While some Democratic senators fear that Obama's involvement in their races could cost them their seats because of his unpopularity, they are also in need of the White House's steep resources.
The White House is aware of the situation and is figuring out the best way the president and those close to the administration can help.
While meeting with Senate Democrats at Nationals Park last week, Obama said that Obamacare will be the Republicans' "No. 1 attack tool" against Democrats, Sen. Dick Durbin of Illinois told Politico.
"He said, 'I understand in some of your states I'm not the most popular politician,'" Durbin said. "'So if you're going to break from the White House on an issue or a position, understood. But I can help many of you, even in states where I'm not popular with everyone. I can still help, and I'm willing to do everything I can.'"
While Obama has some fundraisers scheduled on behalf of Senate Democrats, candidates are looking to Vice President Joe Biden, first lady Michelle Obama, former President Bill Clinton and former secretary of state Hillary Clinton to play a role.

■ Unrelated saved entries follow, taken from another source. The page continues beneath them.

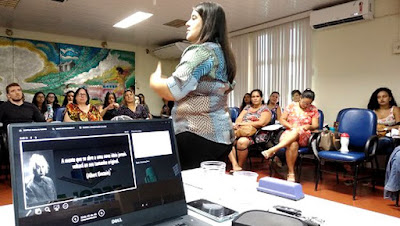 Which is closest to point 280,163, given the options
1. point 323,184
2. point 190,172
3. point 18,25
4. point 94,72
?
point 323,184

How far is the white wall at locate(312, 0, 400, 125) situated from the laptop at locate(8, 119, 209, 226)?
4814 mm

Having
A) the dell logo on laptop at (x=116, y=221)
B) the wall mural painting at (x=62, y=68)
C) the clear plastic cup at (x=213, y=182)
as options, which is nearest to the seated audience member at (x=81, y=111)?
the wall mural painting at (x=62, y=68)

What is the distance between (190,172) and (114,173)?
56 centimetres

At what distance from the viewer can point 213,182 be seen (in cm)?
98

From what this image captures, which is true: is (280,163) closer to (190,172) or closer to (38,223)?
(190,172)

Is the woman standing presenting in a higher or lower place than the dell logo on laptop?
higher

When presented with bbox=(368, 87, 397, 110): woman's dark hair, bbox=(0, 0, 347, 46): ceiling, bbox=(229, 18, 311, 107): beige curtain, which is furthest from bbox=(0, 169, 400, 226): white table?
bbox=(229, 18, 311, 107): beige curtain

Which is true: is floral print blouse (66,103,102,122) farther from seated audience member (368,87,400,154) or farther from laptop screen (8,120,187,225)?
seated audience member (368,87,400,154)

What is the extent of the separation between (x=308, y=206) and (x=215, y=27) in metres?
0.76

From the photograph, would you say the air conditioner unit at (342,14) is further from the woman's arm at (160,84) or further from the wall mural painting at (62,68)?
the wall mural painting at (62,68)

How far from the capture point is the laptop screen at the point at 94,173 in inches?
23.6

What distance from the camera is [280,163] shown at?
4602 millimetres

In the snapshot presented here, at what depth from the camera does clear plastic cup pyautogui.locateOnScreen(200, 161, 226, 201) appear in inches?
38.0

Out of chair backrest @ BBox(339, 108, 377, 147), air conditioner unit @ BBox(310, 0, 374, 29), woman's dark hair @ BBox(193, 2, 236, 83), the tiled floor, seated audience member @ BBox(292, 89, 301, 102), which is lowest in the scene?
the tiled floor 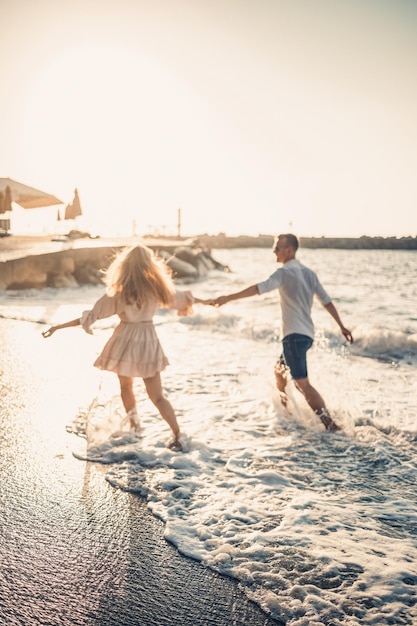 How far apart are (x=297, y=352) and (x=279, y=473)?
4.78ft

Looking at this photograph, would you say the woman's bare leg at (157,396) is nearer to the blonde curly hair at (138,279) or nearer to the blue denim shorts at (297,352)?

Sen. Mark Pryor of Arkansas said that outside help won't make a difference in his state.
"I don't get people to come and campaign for me very often," Pryor told Politico. "To me, in Arkansas, people don't vote for you because somebody else says vote for you."
By contrast, Republicans are growing increasingly confident about their chances of establishing a majority in the Senate, Politico reported
Statistically speaking, the president's party usually loses an average of six seats during his sixth year, but Republicans are also riding on the problems and frustration among voters surrounding Obamacare, the president's low approval rating, and the slowly recovering economy to give them an extra boost.
GOP donors were encouraged in November when tea party favorite Dean Young was beat by establishment candidate Bradley Byrne in a special election for an Alabama House seat.
One political strategist called the victory an encouraging "turning point" at a time when donors were concerned about another year in which unelectable tea party candidates win the GOP nomination.